GM and Chrysler on the brink?

Continued from page 1

Investors and vendors to the automakers believe bankruptcy proceedings for one of the Big Three are as likely as not, judging by a range of financial indicators. GM and Ford bonds trade between 20 to 40 cents on the dollar. Investors have valued $9 billion worth of Chrysler debt at about $3.4 billion. On Thursday, Daimler, which owns 19.9% of Chrysler, wrote its investment in the automaker down to zero.

The GM-Chrysler plan would effectively scrap large parts of 83-year-old Chrysler. Even people involved in the deal concede a tie-up would be risky because consolidation would have to take place quickly.

In a merged company, GM would take the driver's seat in product-development activities, say several people involved in the talks. It would retool several existing Chrysler products to base them on GM-designed vehicles, or kill some products outright, these people said.
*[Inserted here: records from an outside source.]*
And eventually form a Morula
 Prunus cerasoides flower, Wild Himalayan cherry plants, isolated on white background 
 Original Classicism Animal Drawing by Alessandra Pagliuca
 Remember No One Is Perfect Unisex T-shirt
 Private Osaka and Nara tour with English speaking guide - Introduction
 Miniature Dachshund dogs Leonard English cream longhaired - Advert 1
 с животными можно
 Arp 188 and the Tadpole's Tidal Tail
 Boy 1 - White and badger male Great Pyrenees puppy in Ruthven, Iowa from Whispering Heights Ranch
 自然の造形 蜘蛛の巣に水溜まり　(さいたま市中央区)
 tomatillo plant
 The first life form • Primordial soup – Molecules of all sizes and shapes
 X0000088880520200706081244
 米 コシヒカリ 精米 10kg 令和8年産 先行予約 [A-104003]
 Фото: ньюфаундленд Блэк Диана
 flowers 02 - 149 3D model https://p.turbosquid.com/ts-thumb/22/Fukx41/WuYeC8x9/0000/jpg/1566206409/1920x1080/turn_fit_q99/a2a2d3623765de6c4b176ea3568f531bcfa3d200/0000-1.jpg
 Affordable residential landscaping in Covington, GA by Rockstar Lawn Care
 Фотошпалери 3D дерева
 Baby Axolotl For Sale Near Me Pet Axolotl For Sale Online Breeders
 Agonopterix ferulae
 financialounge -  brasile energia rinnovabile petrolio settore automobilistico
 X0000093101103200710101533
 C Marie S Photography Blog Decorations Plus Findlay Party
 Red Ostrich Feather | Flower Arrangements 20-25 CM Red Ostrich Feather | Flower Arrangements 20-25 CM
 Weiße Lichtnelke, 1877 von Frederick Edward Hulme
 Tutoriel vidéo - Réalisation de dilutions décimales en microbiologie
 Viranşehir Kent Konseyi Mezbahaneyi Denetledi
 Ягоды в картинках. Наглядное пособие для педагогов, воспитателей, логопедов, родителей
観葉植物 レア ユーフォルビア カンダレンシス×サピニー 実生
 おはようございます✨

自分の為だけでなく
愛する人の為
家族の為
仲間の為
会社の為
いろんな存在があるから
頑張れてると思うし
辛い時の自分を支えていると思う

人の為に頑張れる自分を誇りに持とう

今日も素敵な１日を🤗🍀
GM is expected to save Chrysler's popular minivans and Jeeps. GM could also sell certain vehicle lines, such as the profitable Dodge Ram, to an auto maker seeking entry into the U.S. light-truck market.

The human toll of such a move could be high. The companies would slash duplicated functions from engineering to marketing. One internal estimate predicts at least 40,000 jobs could be cut from the roughly 166,000 people employed by the two companies in the U.S., Canada and Mexico.

GM's cash cushion has been eroding for some time. Each month, the company spends $1 billion more than it brings in. At that burn rate, GM could effectively run short of cash next summer, without even taking into account further sales declines.

The 100-year-old company has about $20 billion on hand today, but needs at least $11 billion to $14 billion of working capital at all times so it can keep paying its bills, GM has said.

The company has been trying for months, without success, to raise at least $5 billion by selling assets, such as its Hummer brand, and by pledging unencumbered assets, such as profitable international operations, as collateral for loans.

But lenders are reluctant to invest. GM debt, once considered the highest investment grade, has tumbled to low-rated, junk status.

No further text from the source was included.